(INFORMATION SHOWN Opens)
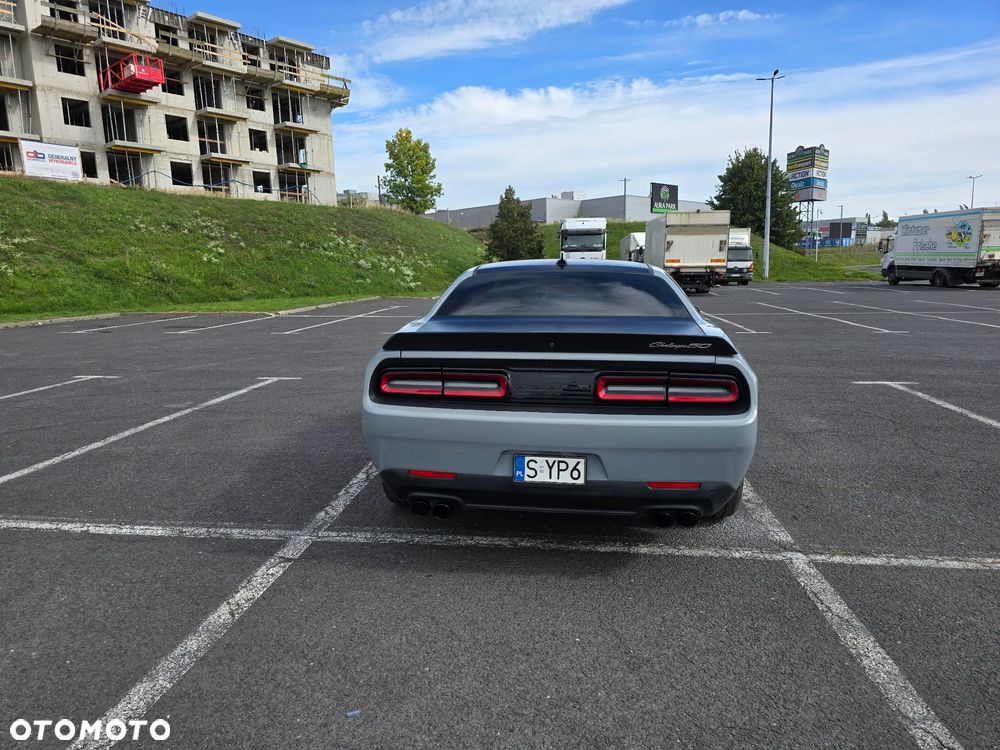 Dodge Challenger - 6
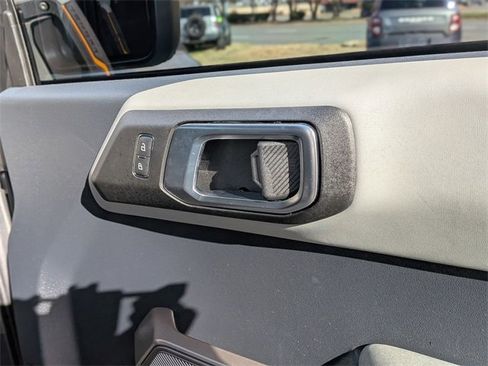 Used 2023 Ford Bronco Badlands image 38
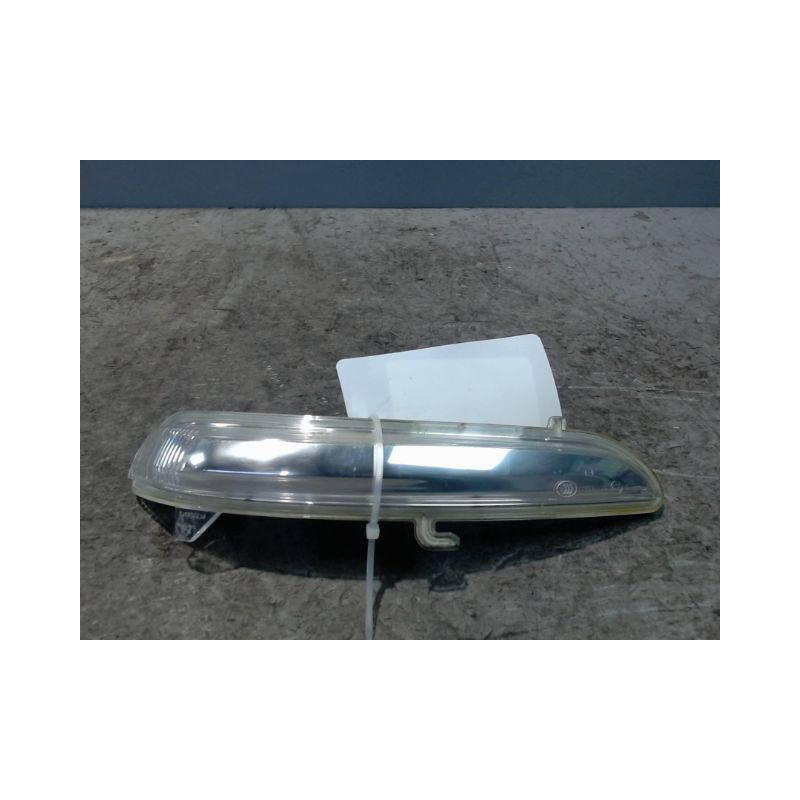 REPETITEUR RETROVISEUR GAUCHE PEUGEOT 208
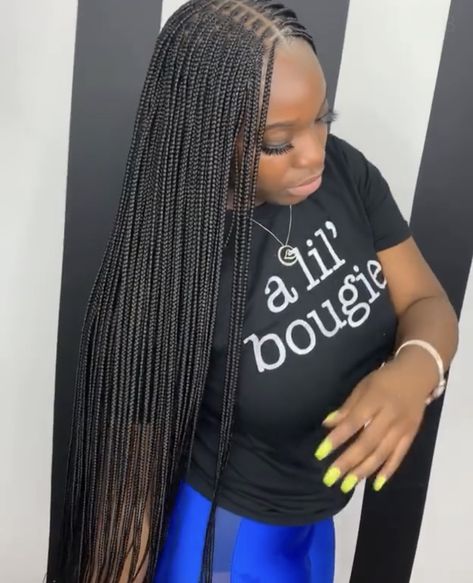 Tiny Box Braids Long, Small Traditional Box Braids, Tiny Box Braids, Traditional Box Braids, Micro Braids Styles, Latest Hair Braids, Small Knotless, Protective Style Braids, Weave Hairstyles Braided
(INFORMATION SHOWN Closes)
* [WHAT YOU HAVE TO DO]:
Starting with the first line of the material, print each line exactly until you have printed the line with "REPETITEUR RETROVISEUR GAUCHE PEUGEOT 208", and skip the pictures.

* [RESULT OF THE TASK]:
 Dodge Challenger - 6
 Used 2023 Ford Bronco Badlands image 38
 REPETITEUR RETROVISEUR GAUCHE PEUGEOT 208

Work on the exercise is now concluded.